Your objective ▸
Apart from the images, reproduce all of the data word for word.

Information provided ▸
::::

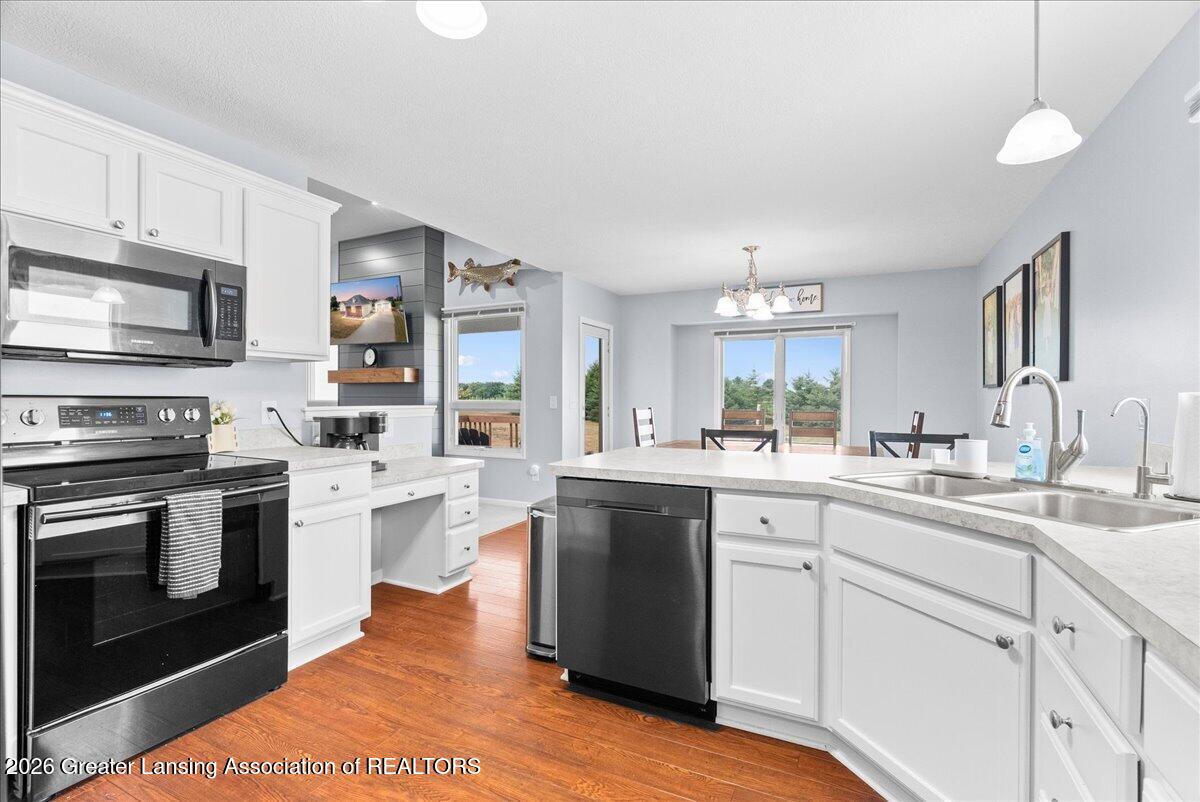 12930 South Grange Road Eagle, MI 48822 - Photo 12 of 59 25-Media Jett -41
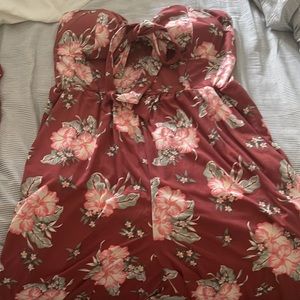So pretty! Womens XXL (19) rusty brick floral tube with pads romper worn once!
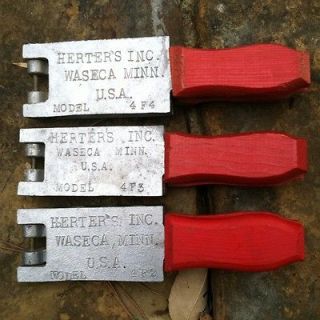 Lot 4 Vintage Herters Nice Fishing Sinker Weight Molds 4f2 4f3 And 4f4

::::

Answer box ▸
 12930 South Grange Road Eagle, MI 48822 - Photo 12 of 59 25-Media Jett -41
So pretty! Womens XXL (19) rusty brick floral tube with pads romper worn once!
 Lot 4 Vintage Herters Nice Fishing Sinker Weight Molds 4f2 4f3 And 4f4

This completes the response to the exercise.